The tale from the vertebrate-fruit fly comparison is well known. In protostomes, the mouth develops "first."  More accurately, the blastopore elongates along the future ventral midline and the mouth and anus develop at opposite ends. In deuterostomes, the gut elongates. The blastopore forms only the anus, and the mouth is formed by punching a new hole in the ectoderm along the future ventral midline. This seems very different only if one bases the comparison on vertebrates, in which mouth formation is delayed and involves some very peculiar behavior by the surrounding ectoderm. See, e.g., The Basisphenoid and Teeth: Overview.
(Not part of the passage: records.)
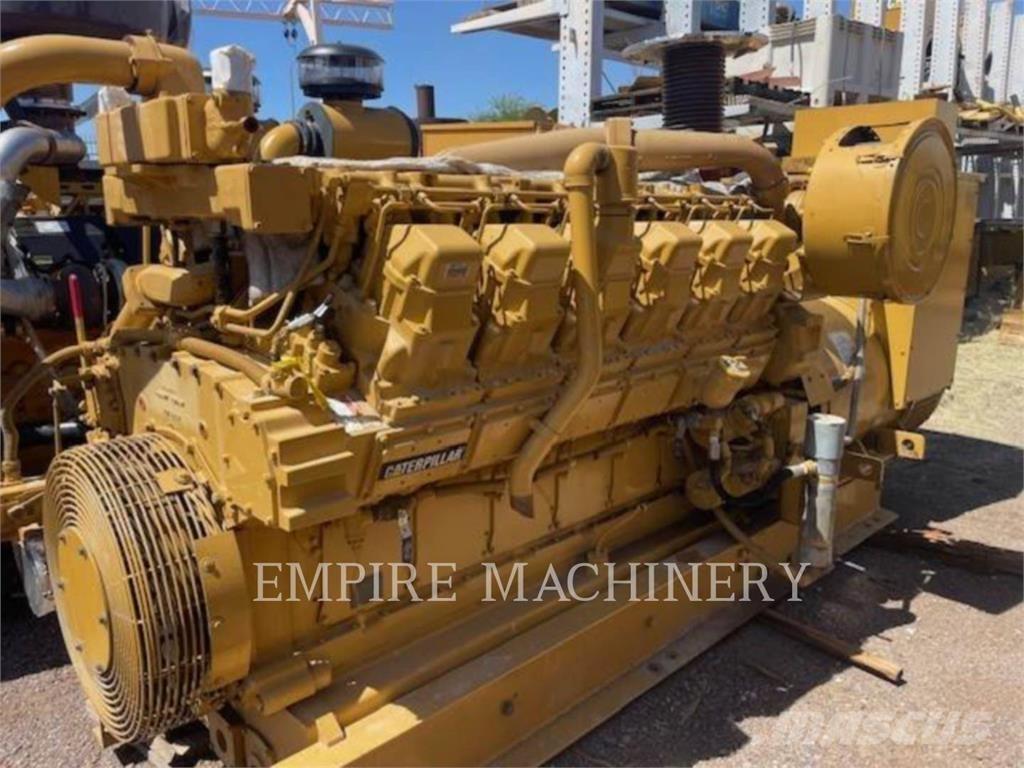 CAT 3512 Generadores diesel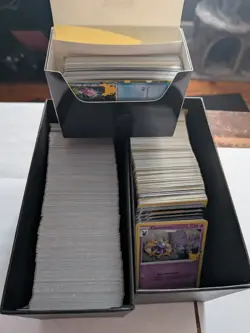 Pokemon Celebrations TCG Massive Bulk Lot of ~870 Cards in Empty ETBs 2021 - Image 1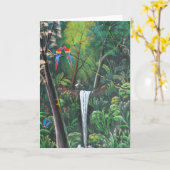 Het Regenwoud van Costa Rica Kaart (Gele Bloem)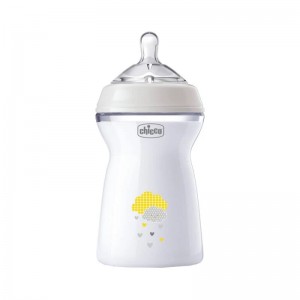 شیشه شیر نچرال 330 میل 6+ ماه چیکو Chicco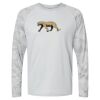 Cayman Performance Camo Colorblock Long Sleeve T-Shirt Thumbnail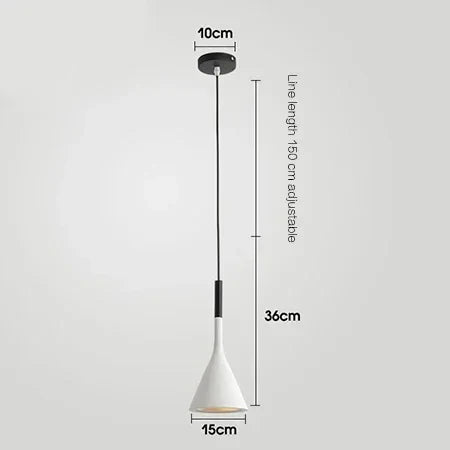Scandinavische hanglamp minimalistisch | Dånsk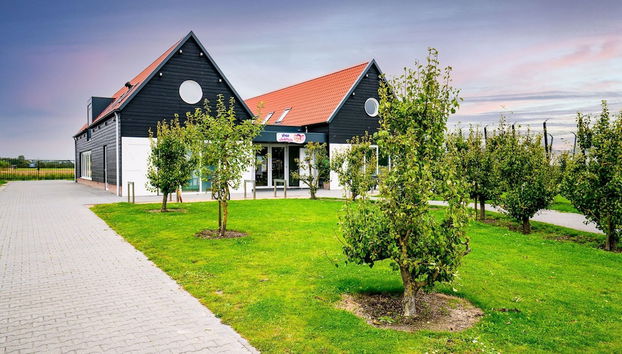 Chalet in Oostkapelle Near Beach & Pool - Foto 3, Rezeption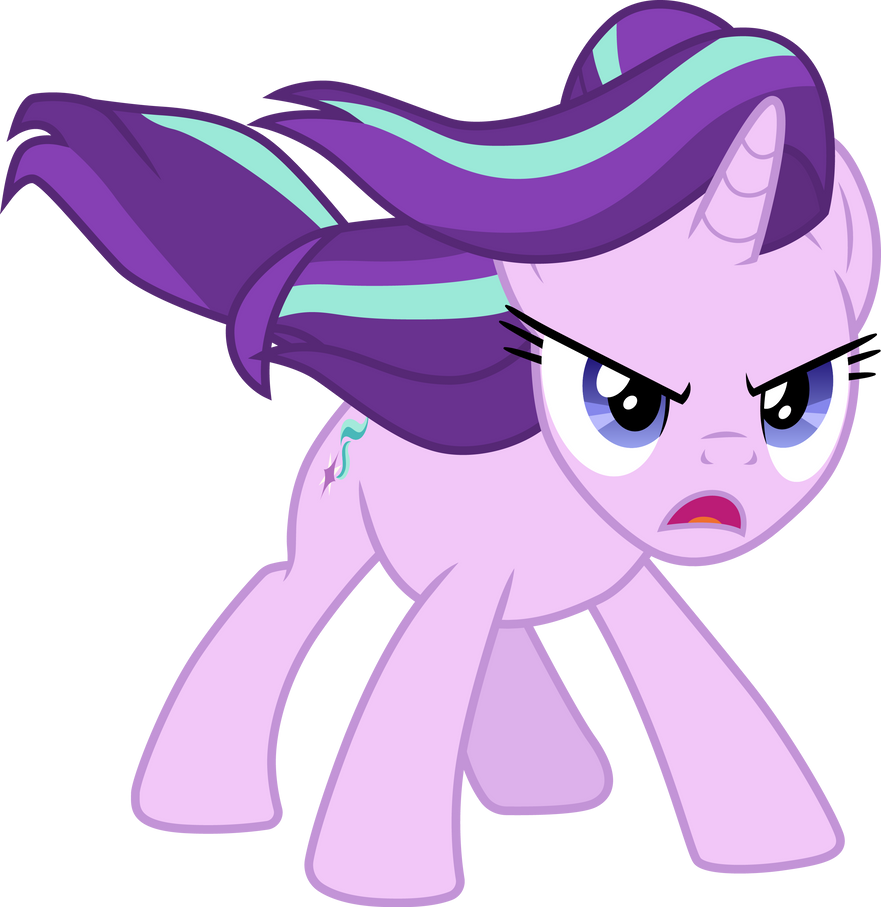 Starlight Glimmer protect by CloudyGlow on DeviantArt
Arendt et al. (2001) do the sensible thing and compare the surprisingly similar primary ciliated larvae of polychaete annelids and hemichordates. Despite the fact that these are protostome and deuterostome, respectively, their primary larvae are strikingly similar in morphology and, as it turns out, in the way they express the key transcription factors related to gut formation: otx, brachyury and goosecoid. At this point, we are moved to remind the enthusiastic reader of the teachings of Erwin & Davidson (2002). These factors may not have the same degree of priority in the developmental scheme. They may not be doing the same thing -- but it's a very pretty picture all the same.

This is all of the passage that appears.